Captioned web image data:
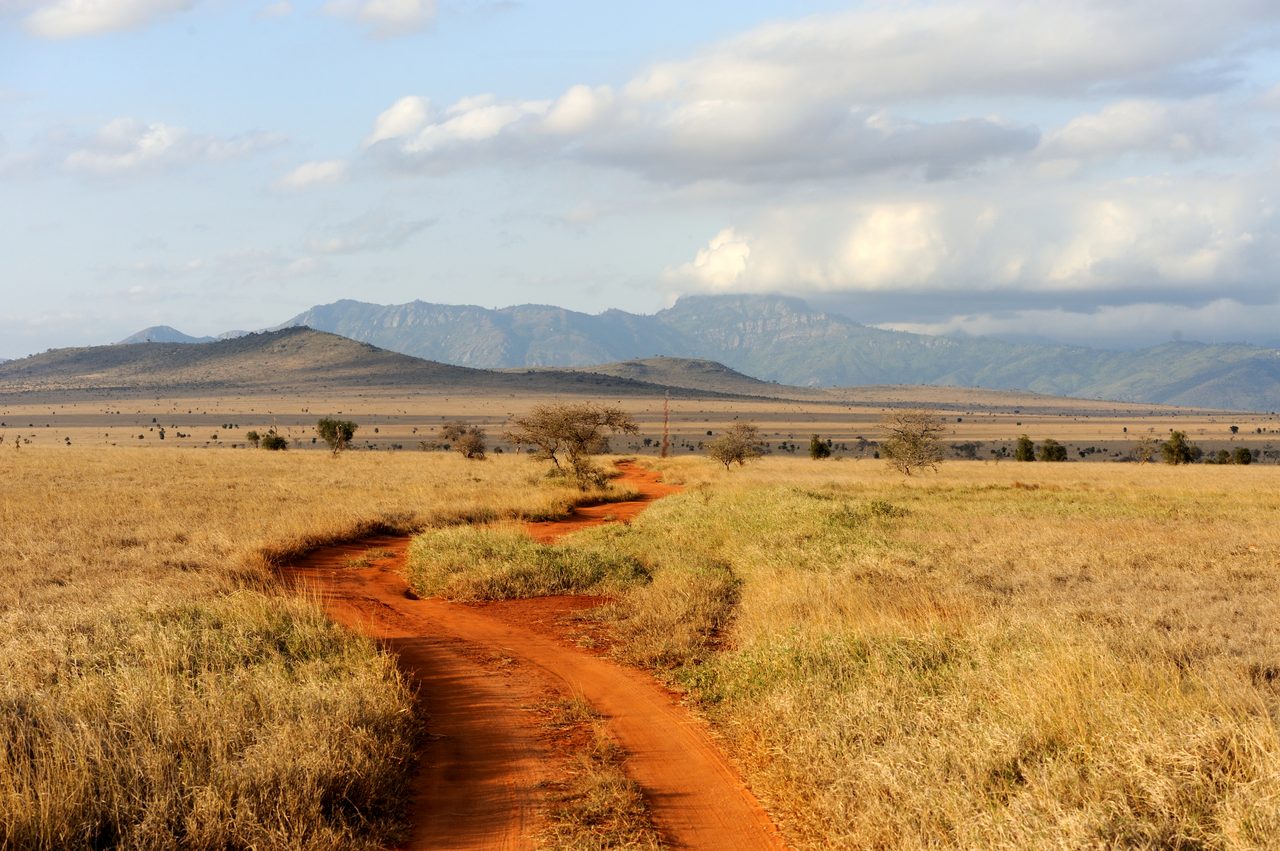 Mikumi Nationalpark – weite Ebenen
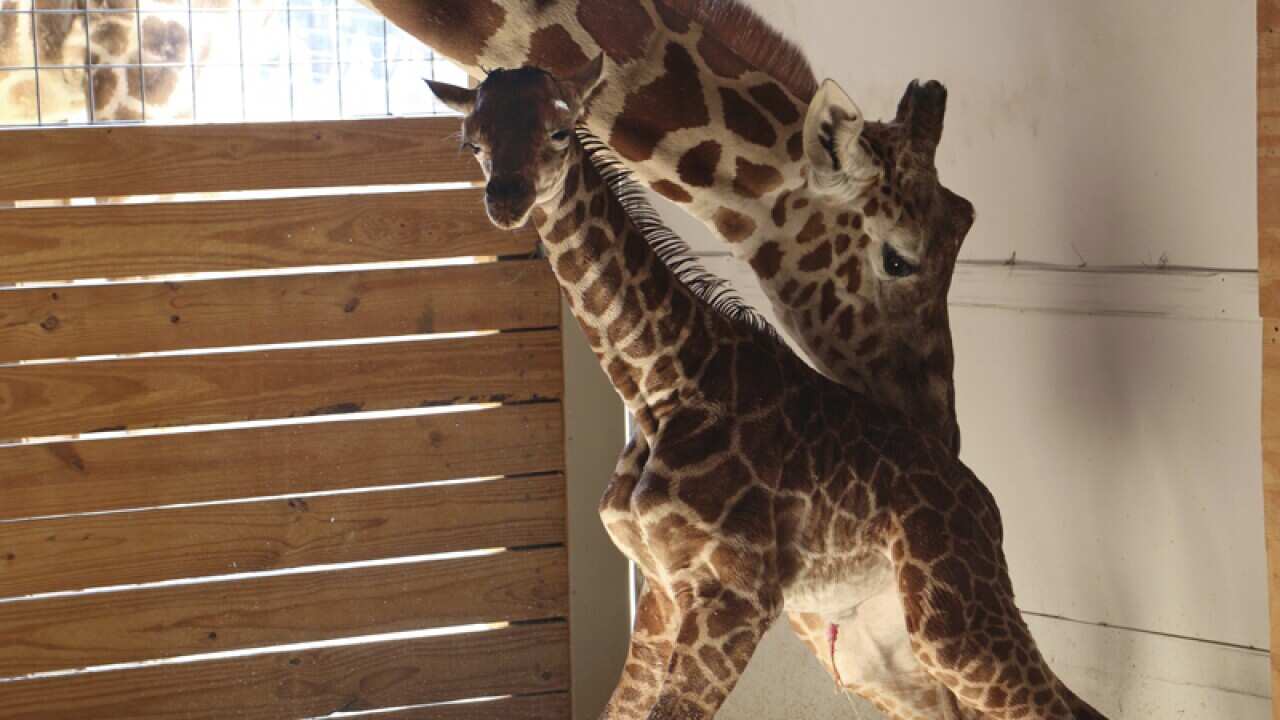 A giraffe named April stands with her new calf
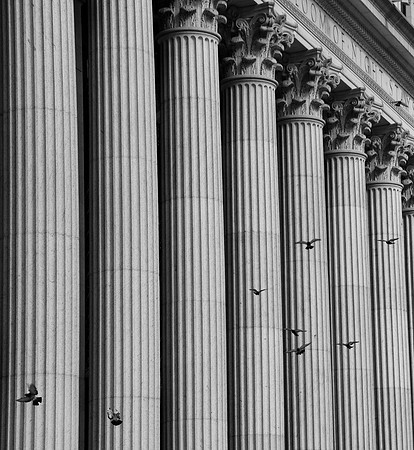 DSC_0087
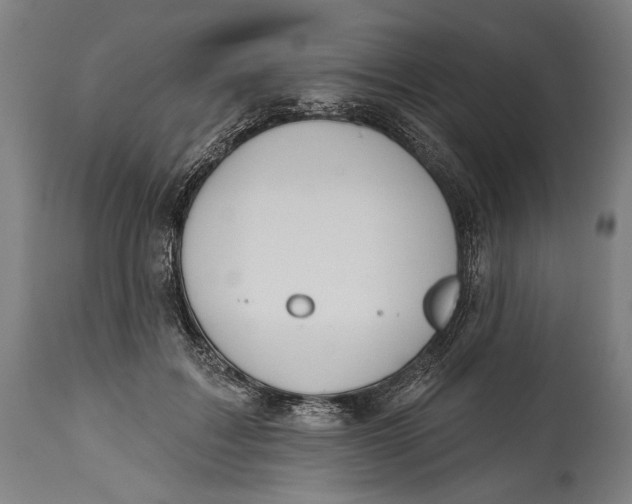 X0000114610603200911101153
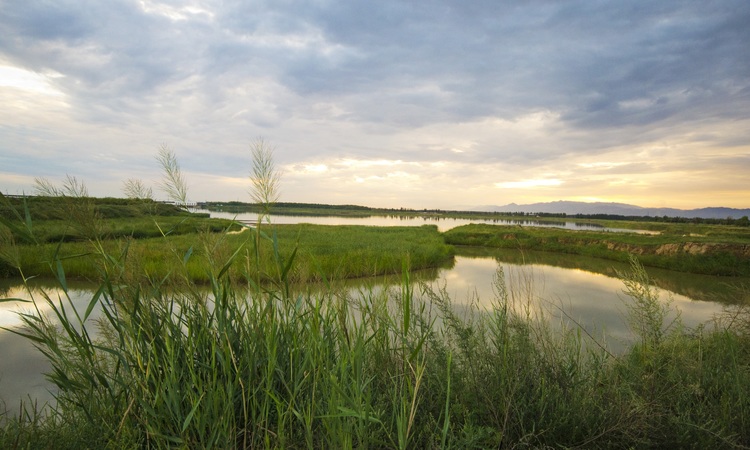  伊泰·华府荟二期周边配套图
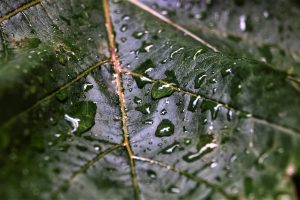 Nach dem Regen 3 - K. - F. Muehler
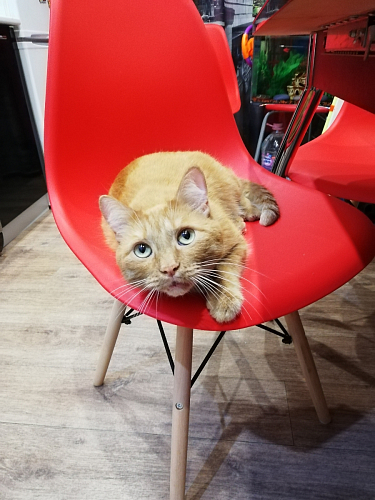 Пластиковый стул Eames PC-015 серый фото покупателя 135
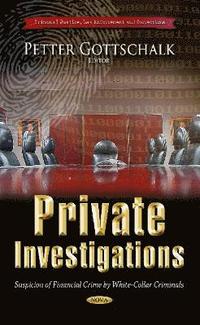 bokomslag Private Investigations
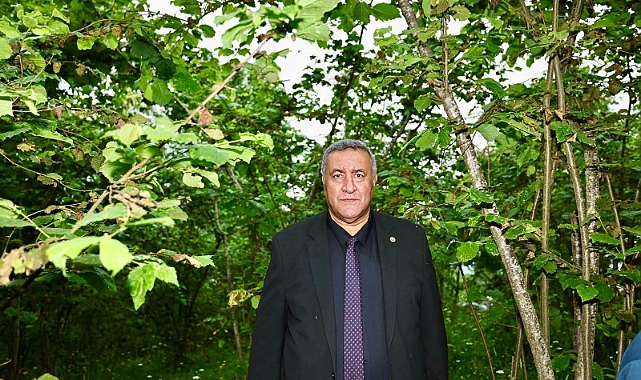 Gürer: “Zirai don zararları acil karşılanmalıdır”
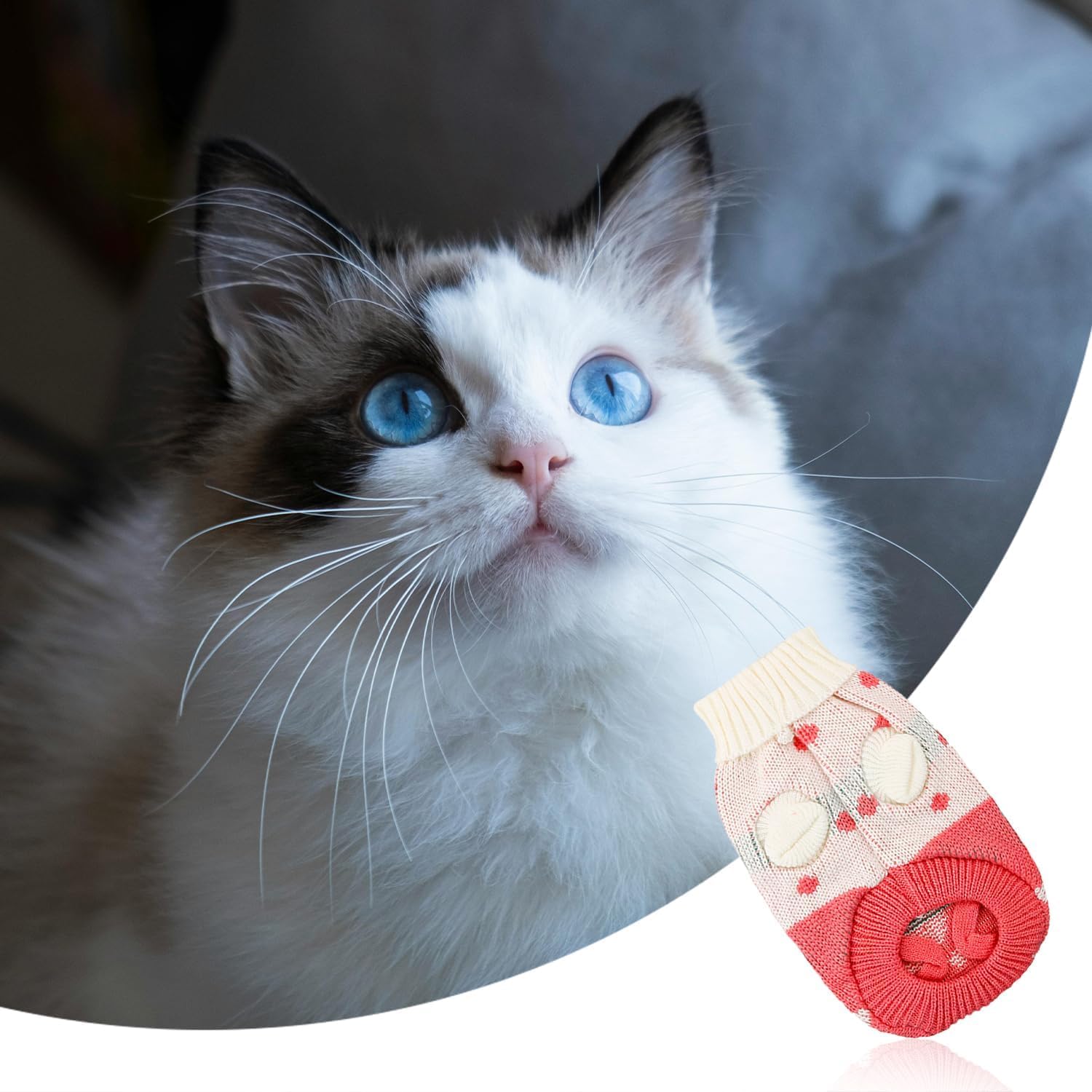Rumyve Strawberry Cat Sweater - Winter Warm Pet Clothing, Cute Knit Apparel (S) - Image 4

Task goal:
Without the pictures, return all the entries above exactly as they stand.

Solution below:
 Mikumi Nationalpark – weite Ebenen
 A giraffe named April stands with her new calf
 DSC_0087
 X0000114610603200911101153
  伊泰·华府荟二期周边配套图
 Nach dem Regen 3 - K. - F. Muehler
 Пластиковый стул Eames PC-015 серый фото покупателя 135
 bokomslag Private Investigations
 Gürer: “Zirai don zararları acil karşılanmalıdır”
Rumyve Strawberry Cat Sweater - Winter Warm Pet Clothing, Cute Knit Apparel (S) - Image 4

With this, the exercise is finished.